Provided records:
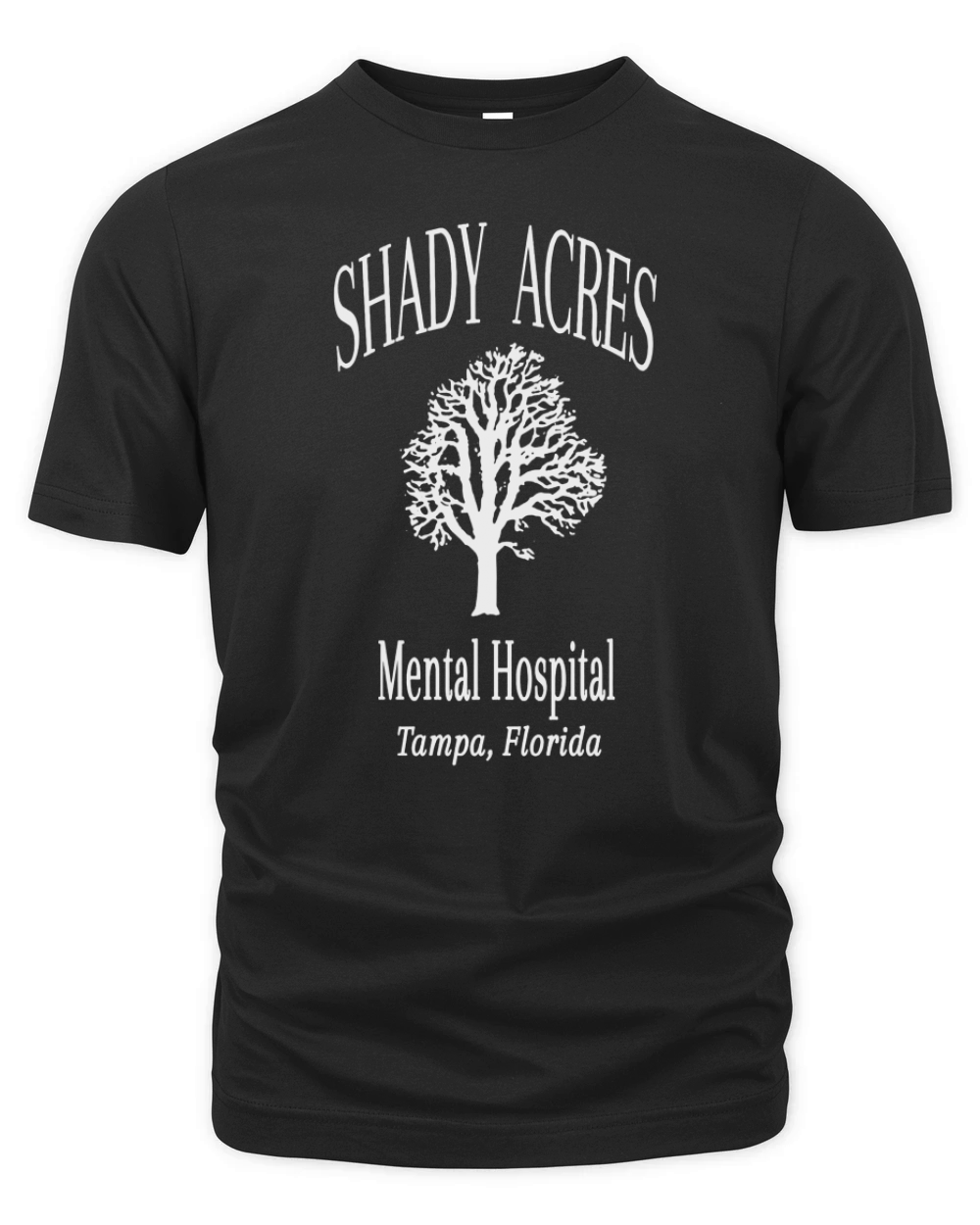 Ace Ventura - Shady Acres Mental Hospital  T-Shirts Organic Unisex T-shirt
---
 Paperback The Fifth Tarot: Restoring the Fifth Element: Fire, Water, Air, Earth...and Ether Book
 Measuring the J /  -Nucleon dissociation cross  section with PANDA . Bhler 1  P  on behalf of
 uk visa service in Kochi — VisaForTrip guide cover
==
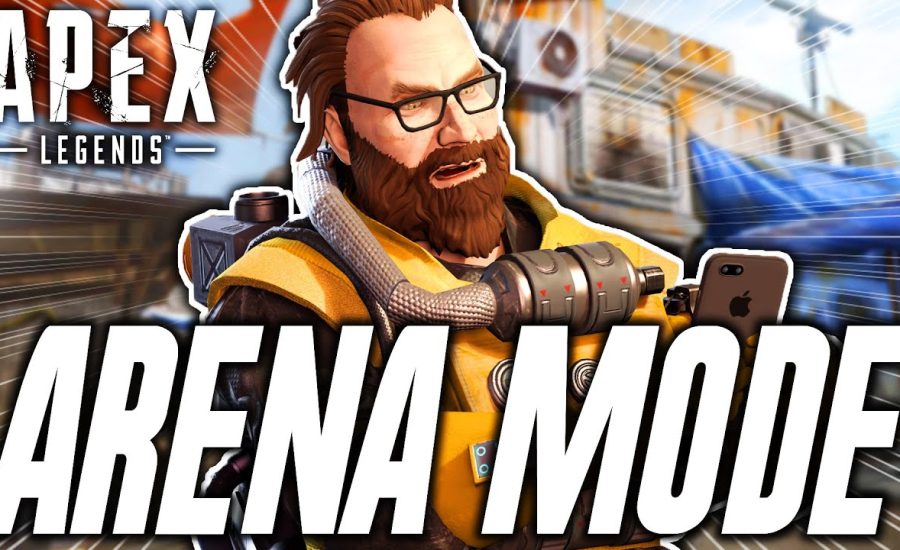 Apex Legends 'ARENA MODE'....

Work instructions: From the line holding "Measuring the J" to the line holding "uk visa service", inclusive, restate each line above exactly as written.

Exercise solution:
 Measuring the J /  -Nucleon dissociation cross  section with PANDA . Bhler 1  P  on behalf of
 uk visa service in Kochi — VisaForTrip guide cover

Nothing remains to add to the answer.